Non è certo la prima volta che il cinema americano si confronta con la morte come tema su cui costruire la storia di un film (e non solo come, a volte, inevitabile punto di arrivo). La cultura americana, costruita su un pragmatismo darwinista molto meno colpevolizzante (non sarà certo un caso se in Italia si finisce per incolpare Maramao della sua morte visto che l’orto era pieno di insalata e possedeva anche una casa. Senza contare le micine innamorate…) e soprattutto imbevuta di un protestantesimo ben più «virile» del cattolicesimo romano, non ha mai avuto paura di guardare in faccia all’ultimo trapasso. E non solo nei drammi, ma anche nelle commedie (Insonnia d’amore inizia con padre e figlio che piangono al funerale della madre) e addirittura nei cartoni animati (che cos’è Up se non una lunga — e avventurosa — elaborazione di un lutto?). Per non parlare di Ghost…

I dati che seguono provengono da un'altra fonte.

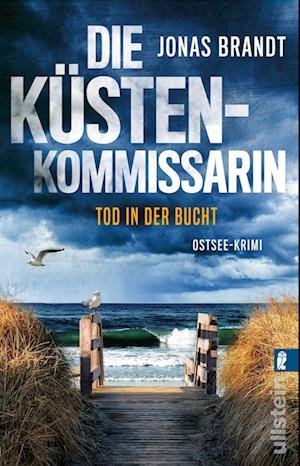 Cover for Jonas Brandt · Die Küstenkommissarin - Tod in der Bucht (Paperback Book) (2022)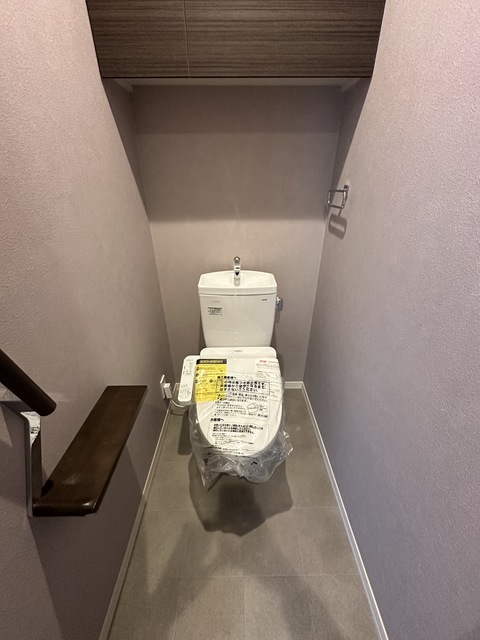 Sha Maison Grandeのトイレ写真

Su questa «laica» riflessione sulla morte è costruito anche Amabili resti, che ha tratto dall’omonimo romanzo di Alice Sebold (in Italia è stato pubblicato da e/o) dove l’anima dell’adolescente Susie (Saoirse Ronan) osserva da una specie di «terra di mezzo» il dolore della propria famiglia dopo essere stata violentata e uccisa da un pedofilo. A raccontare il film è la voce fuori campo di Susie, che fin dalle primissime scene svela il proprio non essere più in vita. E pian piano lo spettatore si abitua a questo strano narratore defunto (ricordate la voce di Joe Gillis/William Holden in Viale del tramonto?) che «ricostruisce»— o forse sarebbe meglio dire: ricorda — la sua vita da viva, i primi batticuori per un compagno di scuola ma anche la insinuante e meticolosa rete che un vicino di casa (Stanley Tucci) le sta tessendo intorno.
Rete in cui Susie cade e da cui esce ormai «trapassata» ma non «liberata» dai suoi legami terrestri. Perché l’idea del libro (che il film riprende) è che i morti non sono liberi di andare in Paradiso (o nei Campi elisi o nelle Grandi pianure, a seconda delle proprie convinzioni religiose) fino a quando hanno ancora qualche legame in sospeso con la terra. E il dolore lancinante dei genitori (Mark Wahlberg e Rachel Weisz), incapaci di farsi una ragione della morte della figlia, è una ragione più che valida per trattenere l’anima in una specie di «limbo» dalle colorazioni psichedel-autunnal-misticheggianti.
Fino a questo momento il film, pur nel suo insolito punto di partenza, riesce a tenere insieme le due dimensioni — quella terrestre e quella soprannaturale — senza eccessivi problemi: qualche illustrazione dell’aldilà può sembrare eccessivamente naif o troppo schematicamente new age, ma all’inizio assomigliano a peccati veniali. E l’idea che le anime trapassate possano continuare a soffrire per la mancata elaborazione del lutto dei sopravvissuti (in questo caso i due genitori e la sorellina, interpretata da Rose McIver) offre spunti di riflessione non scontati. Così come la quasi impossibilità per Susie di indirizzare le ricerche di polizia e parenti verso il vero responsabile della propria morte, eccetto forse un qualche suggerimento alla sorella…
Ma quella che sembrava una più tortuosa strada verso l’accettazione del dolore (l’elaborazione deve essere fatta dai sopravvissuti ma anche, in qualche modo, dai trapassati), vira all’improvviso verso la più scontata e irrazionale fantasia paganeggiante, dove i legami tra il mondo dei terrestri e quello dei defunti diventano sempre più labili da una parte e inutilmente contorti dall’altra. Non basta più che i due genitori, dopo un lungo periodo di separazione e di crisi (che permette l’ingresso in campo—un po’ gratuito, devo dire — della nonna interpretata da Susan Sarandon) riescano a ritrovarsi e a farsi una ragione della perdita della figlia. A questo punto lo spettatore scopre a sorpresa anche chi sono veramente le anime che aspettano con Susie l’ultimo viaggio (un colpo di scena che sembra uscire di un gusto morbosamente compiaciuto, non da una qualche coerente rivelazione) mentre Susie si ricorda di avere dei «conti in sospeso» con i viventi che fino ad allora sembravano dimenticati. E il film finisce per percorrere due strade che non si intrecciano più e che permettono di arrivare a una specie di happy ending per niente convincente.